5.4.1 Microprogramming Control Principles

1. Micro-commands and Micro-operations

Micro-command: Various control commands sent by the control unit to the execution unit through control lines.
- A micro-command is the smallest and most basic unit of control signals.
Micro-operation: The operation performed by the execution unit after receiving a micro-command.
Micro-commands and micro-operations have a one-to-one correspondence. A micro-command is the control signal for a micro-operation, and a micro-operation is the execution process of a micro-command. Micro-operations are the most basic operations in the execution unit.
Due to the data path structure, micro-operations can be classified into compatible and mutually exclusive types:
- Mutually exclusive micro-operations: Micro-operations that cannot be performed simultaneously or in parallel within the same beat.
- Compatible micro-operations: Micro-operations that can be performed simultaneously or in parallel within the same beat.

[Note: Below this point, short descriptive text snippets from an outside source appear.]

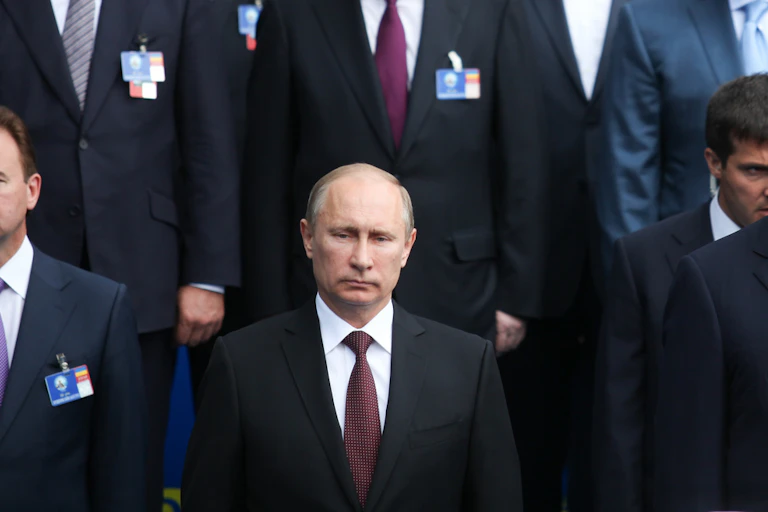 President Putin of Russia standing at a photocall.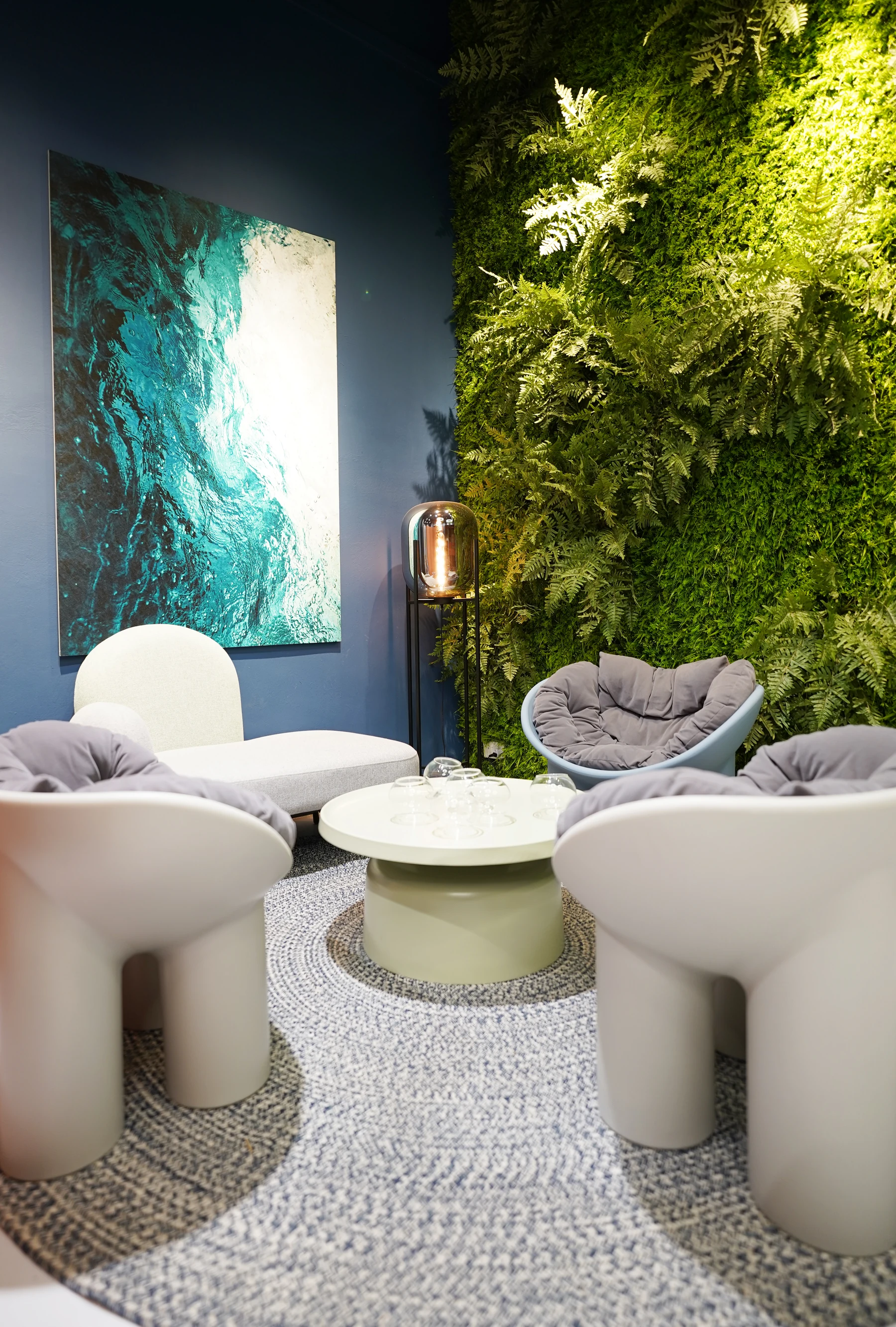 Custom printed acoustic wall panel combined with an artificial green wall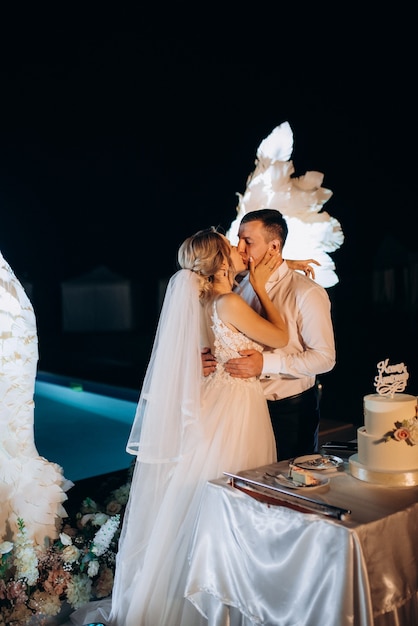 Newlyweds happily cut, laugh and taste the wedding cake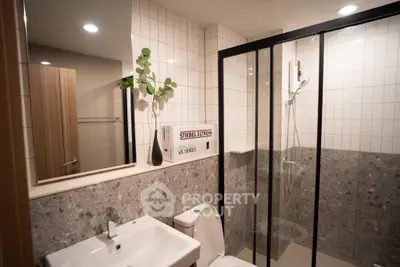 Modern bathroom with sleek shower enclosure and stylish sink in a contemporary apartment.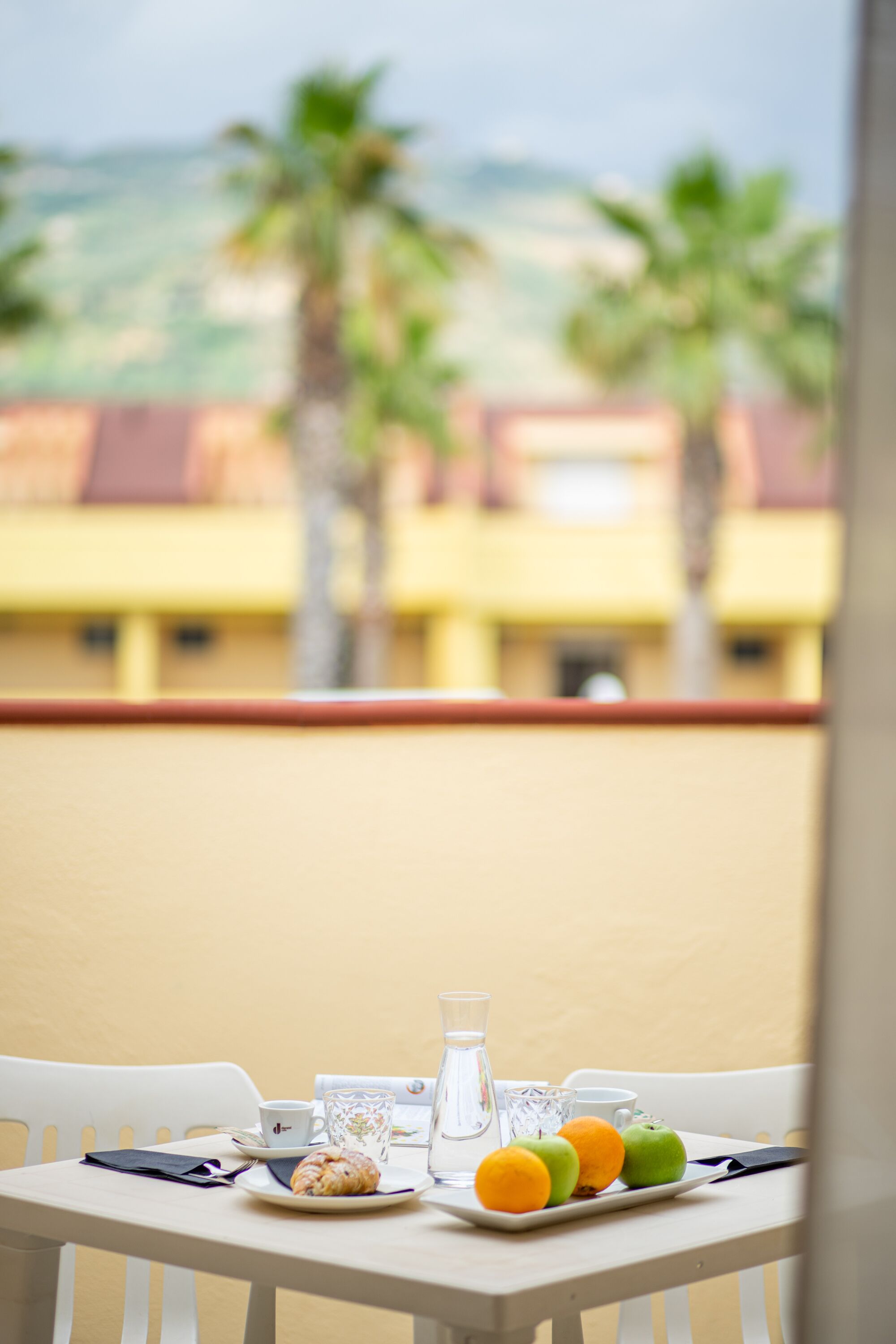 A table with a plate of fruit, a glass of water, and a pastry, set against a yellow wall with a view of palm trees and buildings.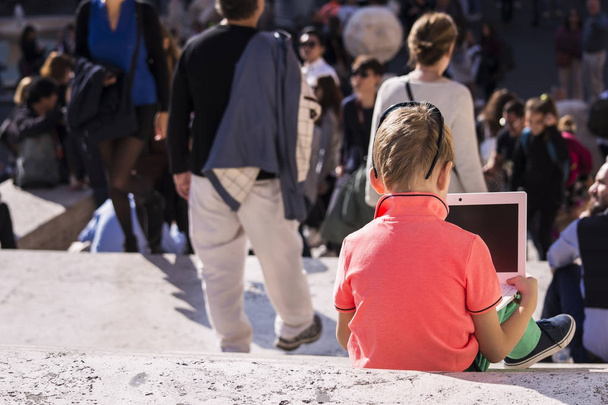 boy looks at a laptop on the steps and a lot of people - Fotoğraf, Görsel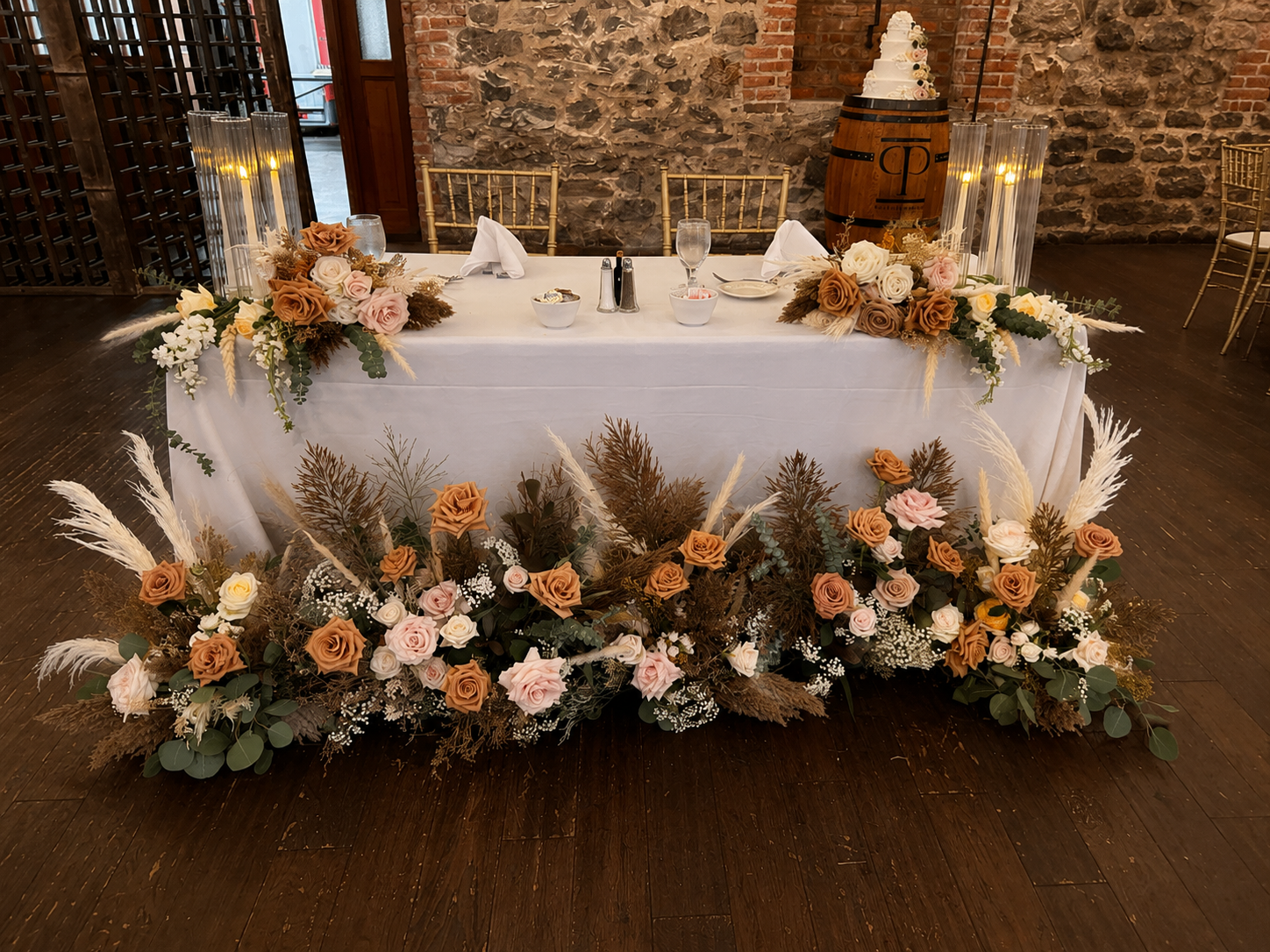 A wedding reception table decorated with flowers and surrounded by wooden chairs. A decorative arrangement of flowers and foliage extends along the front of the table, with a large barrel and wedding cake in the background.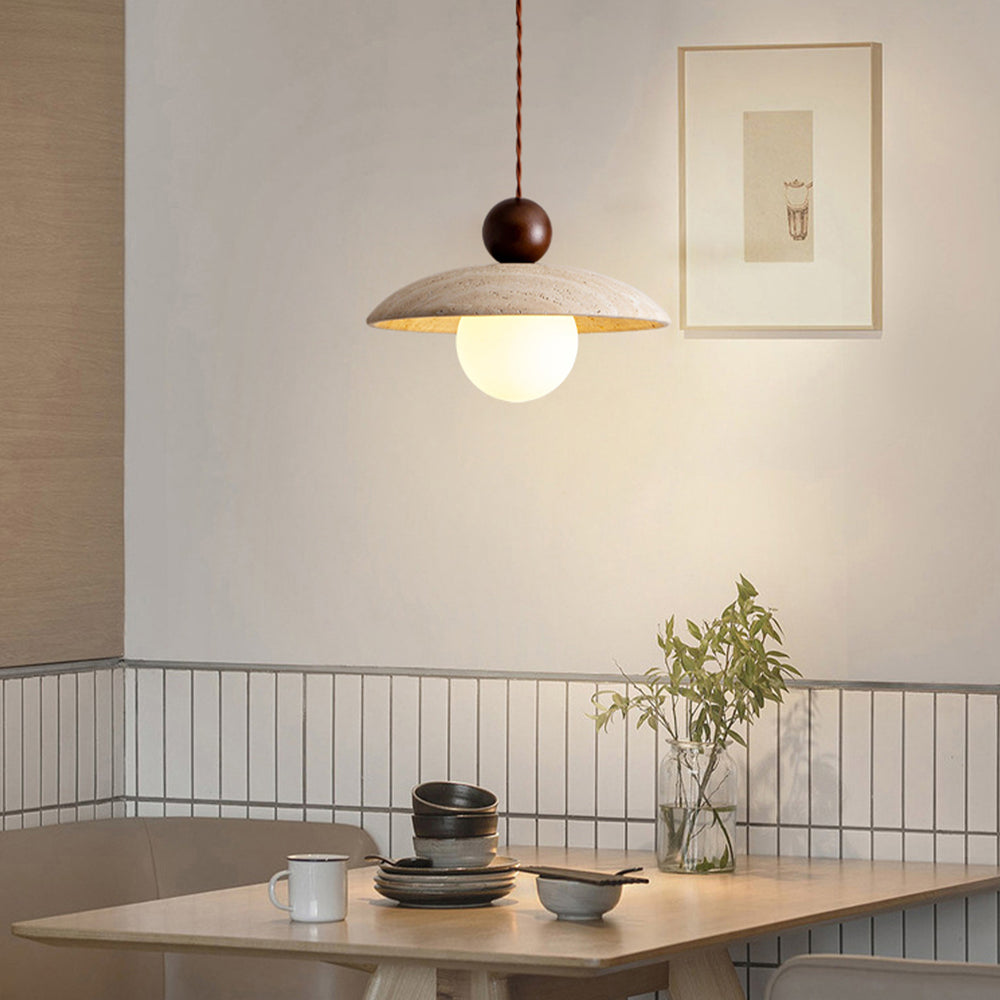 Travertine pendant light above wooden dining table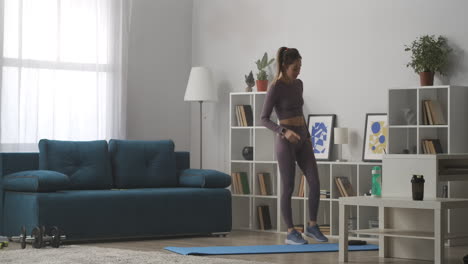 joven está entrenando sola en la sala de estar y tomando descansos de entrenamiento en casa durante el auto-aislamiento y la cuarentena manteniendo la forma y la salud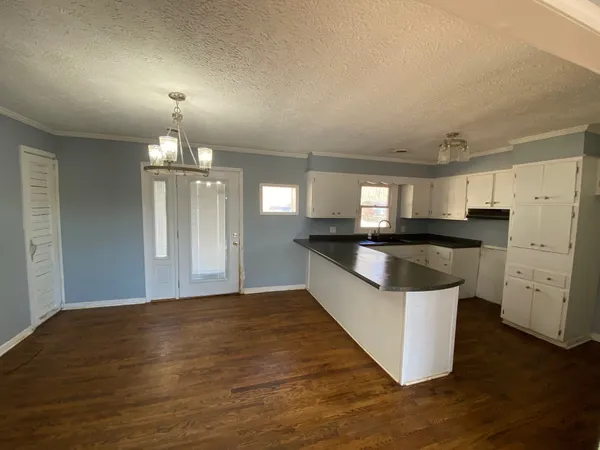 a view of kitchen with granite countertop refrigerator and sink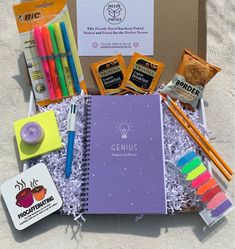 an open box containing pens, notebooks, markers and other items on the sand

2. Microinstructions and Microprograms

Microinstruction: Micro-commands that are executed in parallel within the same CPU cycle, stored in control memory, are called a microinstruction.
Microprogram: A program composed of several microinstructions, used to implement the function of an instruction.
Each machine instruction corresponds to a microprogram, which is interpreted and executed to complete the operations specified by the instruction.

3. Relationship Between Machine Instructions and Microprograms (Key Topic)

One machine instruction corresponds to one microprogram, and this microprogram consists of a sequence of several microinstructions.
Machine instructions are related to main memory, while microinstructions are related to control memory.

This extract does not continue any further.